Вот изготовитель пятипалых вил. Прямая деревянная рука и виловое запястье с пятью короткими врезанными ножом выступами готовы. Теперь надо подвязать пальцы. И пальцы ремесленника, проворно перебегая от ящика с грудой сваленных в него деревянных пальцев, быстро прибирают, прилаживают и прикручивают лозовыми нитями дерево к дереву. Проворство, почти пианистическая беглость работающих пальцев, по сравнению с распрямленной неподвижностью пальцев сработанных, разительна. Такая техника может быть в фаланги лишь выграна множеством дней труда.

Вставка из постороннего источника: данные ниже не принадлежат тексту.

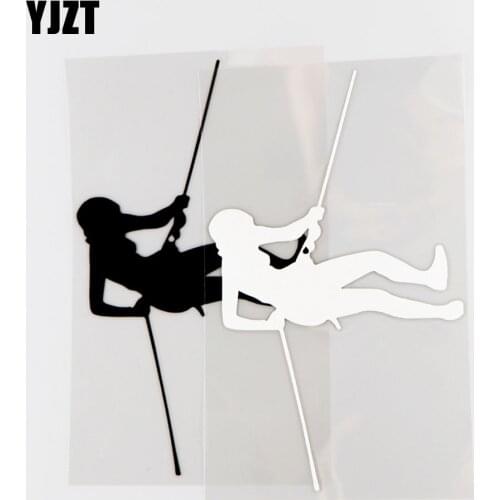 YJZT 12×20CM Cartoon Creative Rock Climber Car Sticker Fun Personalized Vinyl Decal Black/Silver 20A-0017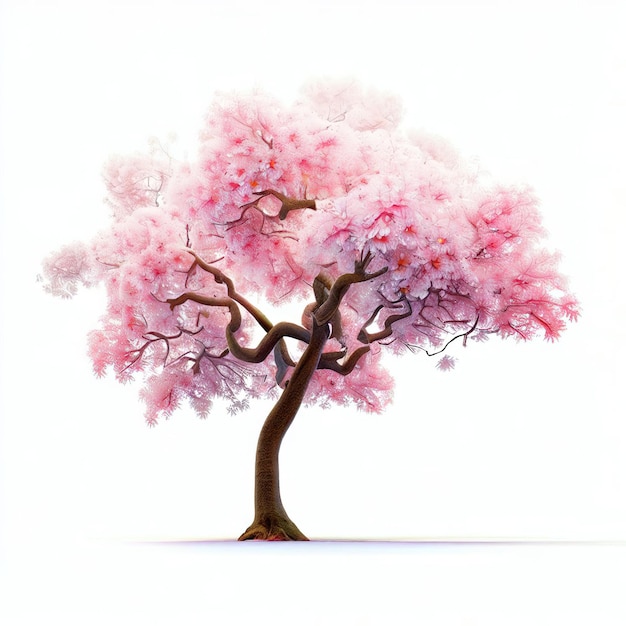 árbol de cereza agria aislado en fondo blanco
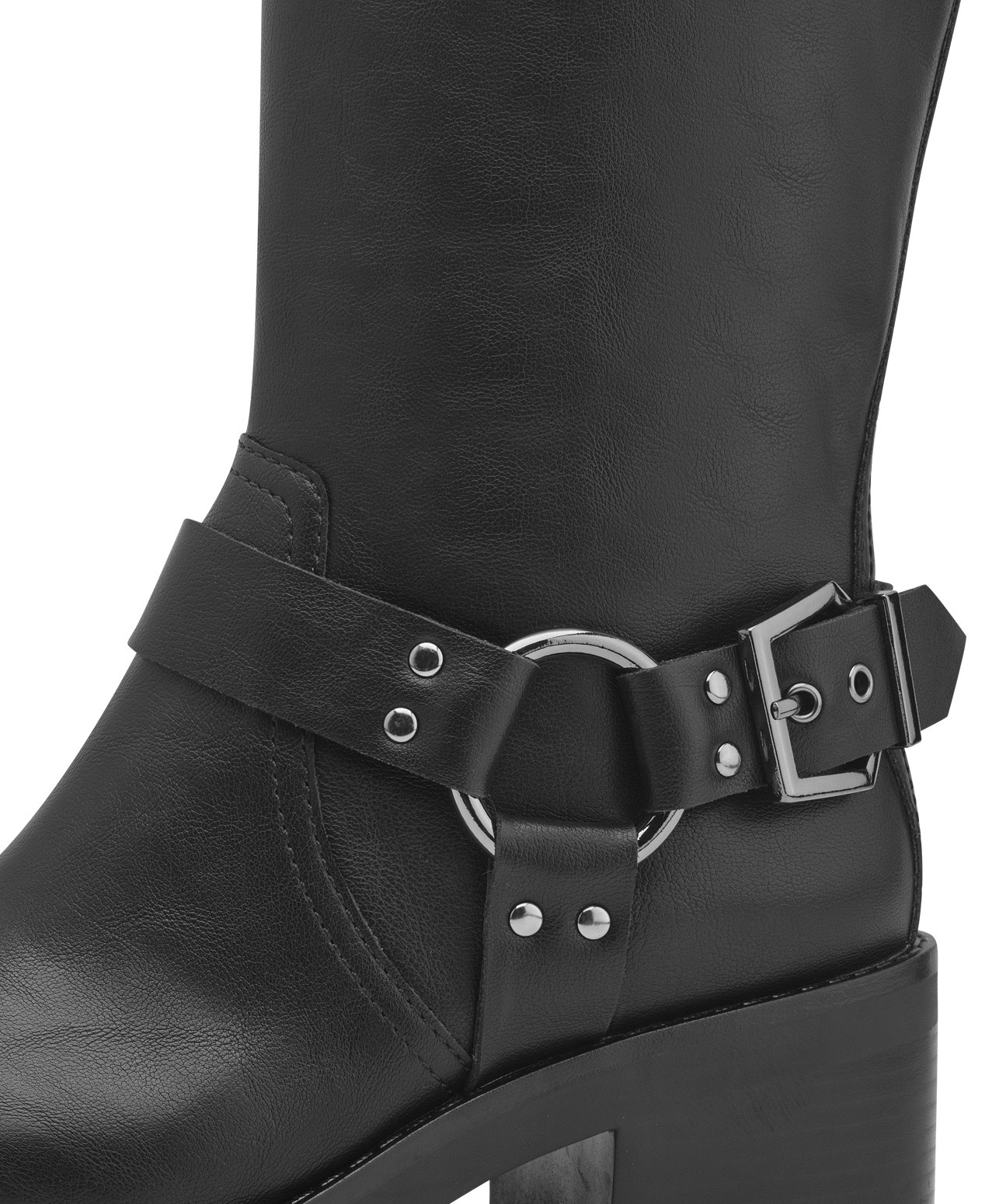 Tamaris Winterstiefel, Blockabsatz, Bikerstiefel, Langschaftstiefel mit Zierschnallen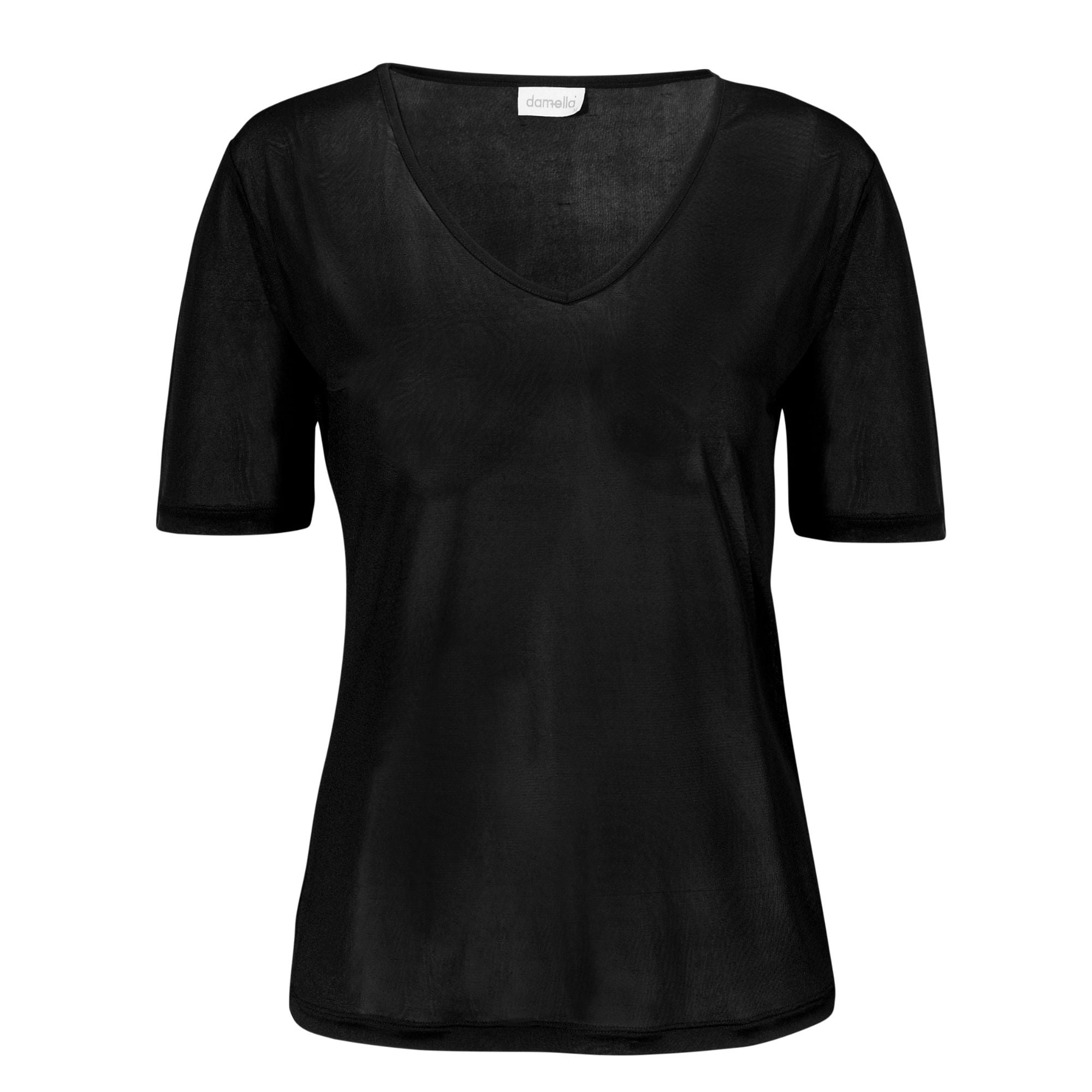 Knitted Silk Top Short Sleeve Black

И куда ни взглянешь – всюду искусность, доведённая до своего предела. Но что даёт эта ремесленная виртуозность самим виртуозам молотка, шила, клещей и резака? Грязный короб карханы, рваный халат, несколько щепоток наса в день и кусок серо-жёлтого, похожего на мыло, сыра, валяющегося тут же вместе с инструментами, обрезками и опилками. Традиционное ремесло, передающееся от поколений к поколениям, древний ушталык Узбекистана осуждён на гибель. Весь этот инструментарий дотимуровых времён, прапрадедовские точильные ремни, навёрнутые спиралеобразно на вал и вращаемые двумя руками, какие-то старинные бронзовые наковальни, ветхие крюки и прикрючья – всё это не может бороться с машиной, бессильно против неё, как кремневое ружьё против пушки.
Эта остановленность традиционного мусульманского искусстничества и искусства равна выключению его из жизни. Культуры, слишком быстро нашедшие себя, тем самым себя теряют. Они выпадают из дальнейшей истории.
В Бухаре есть мавзолей Исмаила-саманида. Там же стоит медресе Абдулла-хана. Их отделяют друг от друга узкий переулок и семь веков (X и XVI). А между тем оба одинаково прекрасны. И в этом "одинаково" – смерть: от прекрасности.